I have a multi-threaded application that creates 48 threads that all need to access a common attribute (stl::map). The map will only be written to when the threads start, and the rest of the time the map will be read from. This seems like the perfect use-case for a pthread_rw_lock, and all appears to be working well.
I ran across a completely unrelated seg-fault and started analyzing the core. Using gdb, I executed the command info threads
and was quite surprised at the results. I observed that several threads were actually reading from the map as expected, but the strange part is that several threads were blocked in pthread_rwlock_rdlock() waiting on the rw_lock.
Here is the stack trace for a thread that is waiting on the lock:
#0 0xffffe430 in __kernel_vsyscall ()
#1 0xf76fe159 in __lll_lock_wait () from /lib/libpthread.so.0
#2 0xf76fab5d in pthread_rwlock_rdlock () from /lib/libpthread.so.0
#3 0x0804a81a in DiameterServiceSingleton::getDiameterService(void*) ()
With so many threads, its difficult to say how many were reading and how many were blocked, but I dont understand why any threads would be blocked waiting to read, considering other threads are already reading.
So here is my question: Why are some threads blocked waiting to read a rw_lock, when other threads are already reading from it?
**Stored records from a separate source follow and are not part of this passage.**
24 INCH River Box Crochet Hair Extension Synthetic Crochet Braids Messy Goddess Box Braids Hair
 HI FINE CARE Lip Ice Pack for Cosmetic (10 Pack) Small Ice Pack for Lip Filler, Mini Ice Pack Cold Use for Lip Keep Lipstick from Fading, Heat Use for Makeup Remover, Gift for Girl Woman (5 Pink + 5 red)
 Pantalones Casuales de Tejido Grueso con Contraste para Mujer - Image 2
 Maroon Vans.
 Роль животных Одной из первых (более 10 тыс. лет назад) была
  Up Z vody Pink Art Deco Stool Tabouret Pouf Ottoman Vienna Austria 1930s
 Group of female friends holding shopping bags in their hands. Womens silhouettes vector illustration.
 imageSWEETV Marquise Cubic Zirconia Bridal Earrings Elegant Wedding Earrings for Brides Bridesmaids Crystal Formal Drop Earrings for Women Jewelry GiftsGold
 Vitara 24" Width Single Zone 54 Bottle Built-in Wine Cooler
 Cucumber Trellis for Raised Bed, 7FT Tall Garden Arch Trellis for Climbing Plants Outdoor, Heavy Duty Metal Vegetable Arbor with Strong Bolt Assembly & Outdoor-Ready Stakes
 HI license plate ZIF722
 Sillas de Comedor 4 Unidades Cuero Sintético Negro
It appears as though there is a limit to the number of threads that can simultaneously read.
Ive looked at the pthread_rwlock_attr_t
functions and didnt see anything related.
The OS is Linux, SUSE 11.
Here is the related code:
{
pthread_rwlock_init(&serviceMapRwLock_, NULL);
}
// This method is called for each request processed by the threads
Service *ServiceSingleton::getService(void *serviceId)
{
pthread_rwlock_rdlock(&serviceMapRwLock_);
ServiceMapType::const_iterator iter = serviceMap_.find(serviceId);
bool notFound(iter == serviceMap_.end());
pthread_rwlock_unlock(&serviceMapRwLock_);
if(notFound)
{
return NULL;
}
return iter->second;
}
// This method is only called when the app is starting
void ServiceSingleton::addService(void *serviceId, Service *service)
{
pthread_rwlock_wrlock(&serviceMapRwLock_);
serviceMap_[serviceId] = service;
pthread_rwlock_unlock(&serviceMapRwLock_);
}
Update:
As mentioned in the comments by MarkB, if I had set pthread_rwlockattr_getkind_np() to give priority to writers, and there is a writer blocked waiting, then the observed behavior would make sense. But, Im using the default value which I believe is to give priority to readers. I just verified that there are no threads blocked waiting to write. I also update the code as suggested by @Shahbaz in the comments and get the same results.